Solution space for quadratic equations with nilpotent matrices

Question

Let ${\bf w}\in\mathbb{R}^3$ and ${\bf N}\in\mathbb{R}^{3\times 3}$ be a nilpotent matrix with degree 3. Consider the following system of quadratic equations,

$$ \begin{align} {\bf w}^\top{\bf w} &= 1, \\ {\bf w}^\top{\bf N}{\bf w} &= 0, \\ {\bf w}^\top{\bf N}{\bf N}{\bf w} &= 0, \end{align} $$

Hypothesis: Every solution ${\bf w}$ can be generated from a single basis vector ${\bf w}_0$ by means of applying ${\bf N}$ (so three in this case, ${\bf w}_0, {\bf Nw}_0, {\bf NNw}_0$).

This is straight-forward to see if $\bf N$ is the shift operator, i.e. if

$${\bf N} = \begin{bmatrix}0&1&0\\0&0&1\\0&0&0\end{bmatrix}$$

Question: Is this true for general nilpotent ${\bf N}$ and in more dimensions? And if so, how would you go about a proof? If nilpotent is not enough, can one proof the hypothesis for shift-operators?

Answer 1

$N$ satisfies $N^3 = 0$ but $N^2 \ne 0$. The null space ${\mathscr N}(N)$ must be one-dimensional and ${\mathscr N}(N^2)$ two-dimensional.

There are three cases:

1. If $N w = 0$, your second and third equations are obviously true. Now $w$ is a unit vector in the $1$-dimensional space ${\mathscr N}(N)$, and there are two of them.
2. If $N^2 w = 0$ but $N w \ne 0$, your third equation is true. $w$ and $N w$ are both in the two-dimensional space ${\mathscr N}(N^2)$, with $N w$ a nonzero member of its one-dimensional subspace ${\mathscr N}(N)$. The second equation says $w$ is orthogonal to $Nw$ and thus to ${\mathscr N}(N)$. The orthogonal complement of ${\mathscr N}(N)$ in ${\mathscr N}(N^2)$ is a one-dimensional space.

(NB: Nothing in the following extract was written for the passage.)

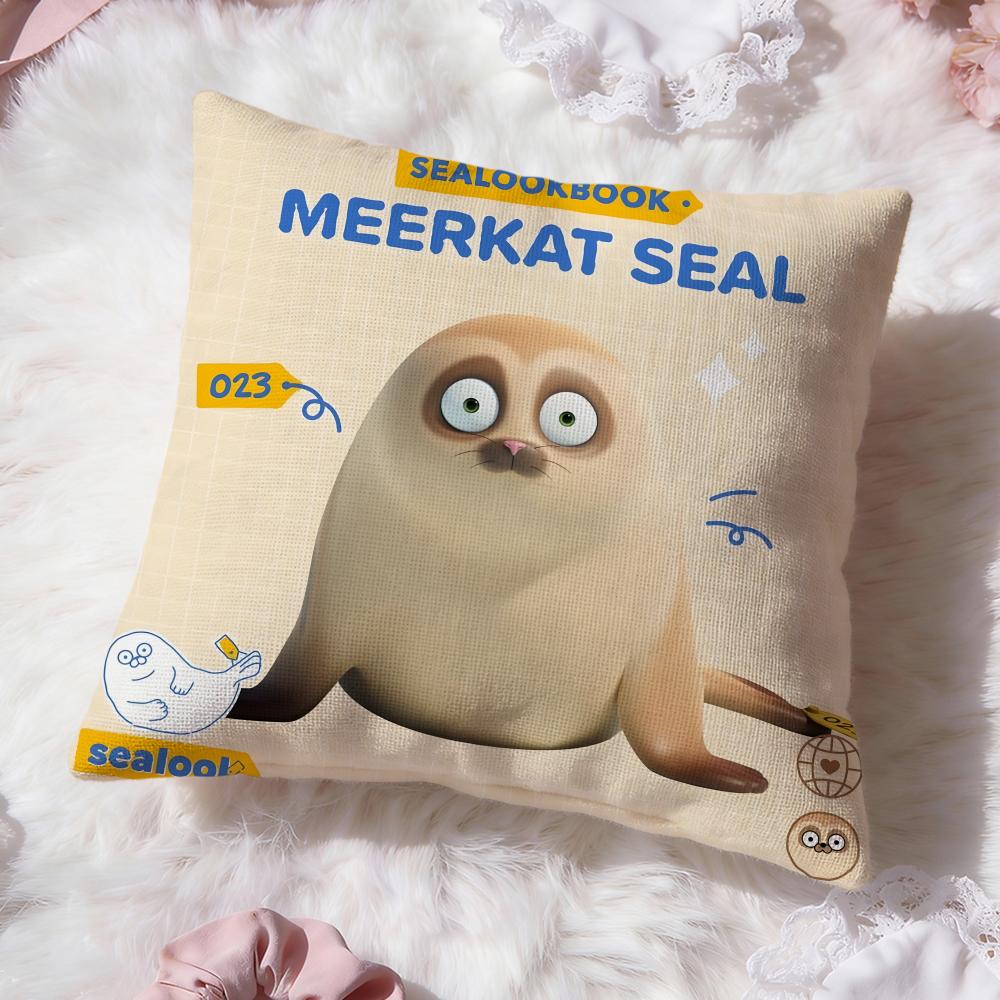 Аниме S-SEALOOKS Наволочка Премиум-Комфорт Двусторонняя Наволочка для Подушки - Дизайн «Два в Одном» для Любой Комнаты и Салона Автомобиля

Again we have two unit vectors there.
3. If $N^2 w \ne 0$, then $N w$ and $N^2 w$ are linearly independent vectors in the two-dimensional space ${\mathscr N}(N^2)$. The second and third equations say $w$ is orthogonal to those two vectors, and therefore to all of ${\mathscr N}(N^2)$. The orthogonal complement of ${\mathscr N}(N^2)$ is one-dimensional, and again has two unit vectors.

Putting these together, we have $6$ solutions.

However, the solutions are not necessarily of the form you gave. For a random example, try $$N = \pmatrix{4 & 8 & -4\cr 1 & 2 & -16\cr 1 & 2 & -6\cr}$$ The six solutions are $$ \pm \pmatrix{1/\sqrt{41}\cr 2/\sqrt{41}\cr -6/\sqrt{41}}, \ \pm \pmatrix{6/\sqrt{205}\cr 12/\sqrt{205}\cr 5/\sqrt{205}}, \ \pm \pmatrix{2/\sqrt{5} \cr 1/\sqrt{5}\cr 0} $$ But $$ N \pmatrix{ 1/\sqrt{41}\cr 2/\sqrt{41}\cr -6/\sqrt{41}} = \pmatrix{44/\sqrt{41}\cr 101/\sqrt{41}\cr \sqrt{41}\cr}$$ which is not a solution.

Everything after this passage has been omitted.